→ **WHAT THE TASK REQUIRES**
The copy you return must match the listing word for word and carry no pictures.

◇ ◇ ◇

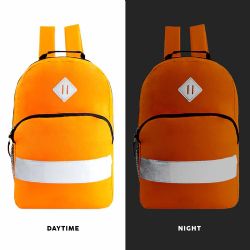 24 Wholesale 17 Inch Reflective Wholesale Backpack In 6 Colors
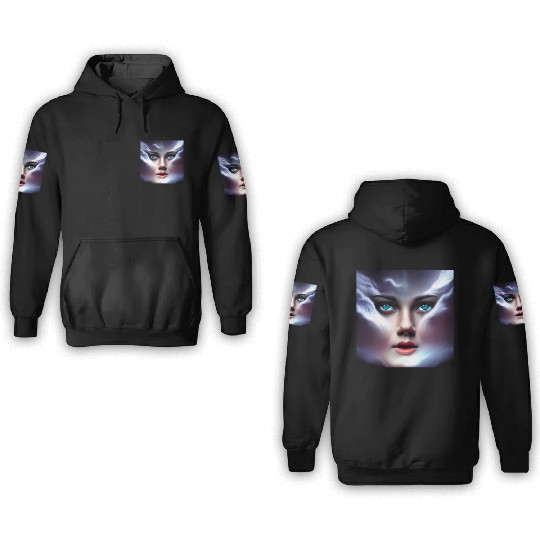 Face in the storm 3D Hoodies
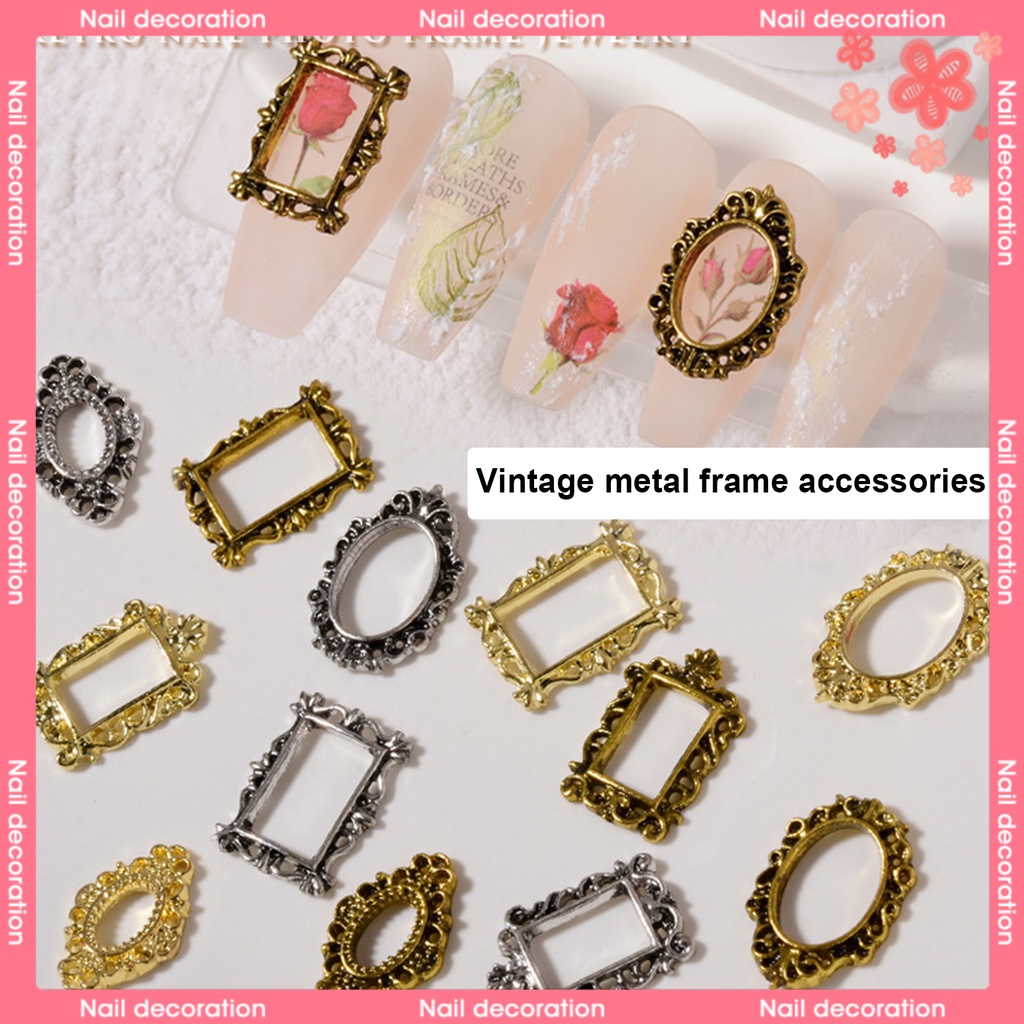 Set 5 Phụ Kiện Trang Trí Móng Tay 3D Bằng Hợp Kim Phong Cách Vintage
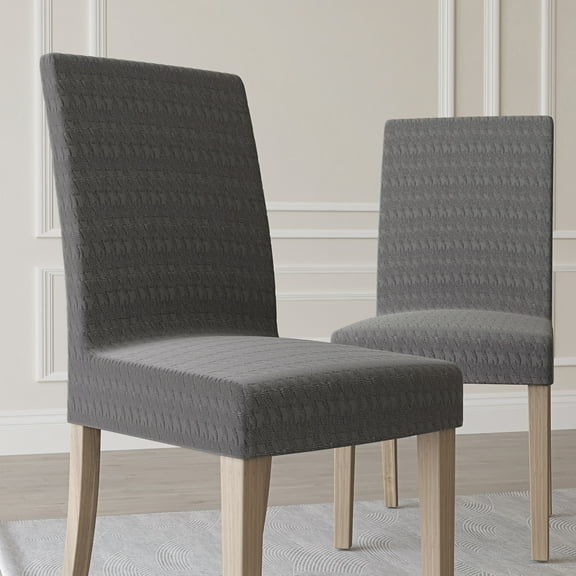No. 918 Sparta 2-Pack Houndstooth Textured Stretch Fit Elastic Dining Chair Cover Pair, Gray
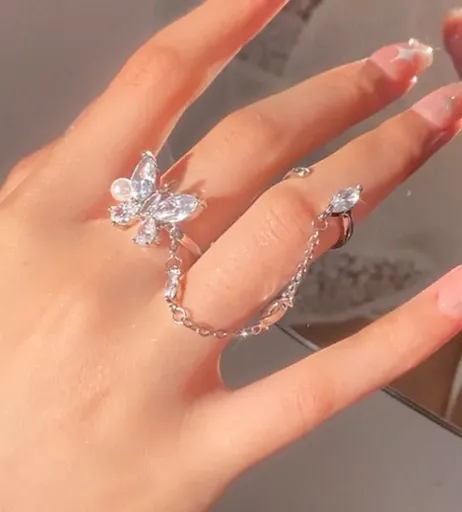 Inel Argintiu pentru Poze Fluture si Cristale - 33365020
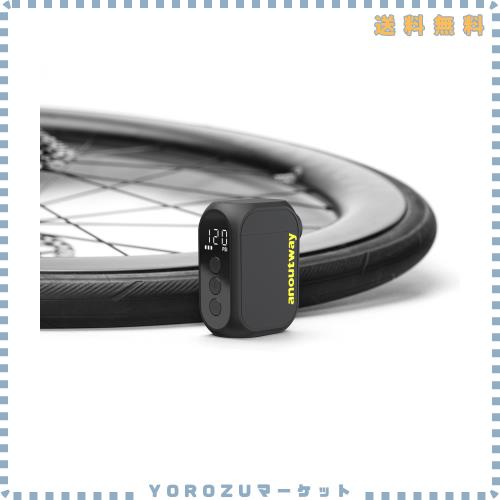 anoutway 気圧表示 自転車 空気入れ 携帯 電動ポンプ 携帯ポンプ 小型 電動空気入れ 全バルブ対応(米式仏式英—式）AT1 PRO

◇ ◇ ◇

→ **SOLVED PROBLEM**
 24 Wholesale 17 Inch Reflective Wholesale Backpack In 6 Colors
 Face in the storm 3D Hoodies
 Set 5 Phụ Kiện Trang Trí Móng Tay 3D Bằng Hợp Kim Phong Cách Vintage
No. 918 Sparta 2-Pack Houndstooth Textured Stretch Fit Elastic Dining Chair Cover Pair, Gray
 Inel Argintiu pentru Poze Fluture si Cristale - 33365020
 anoutway 気圧表示 自転車 空気入れ 携帯 電動ポンプ 携帯ポンプ 小型 電動空気入れ 全バルブ対応(米式仏式英—式）AT1 PRO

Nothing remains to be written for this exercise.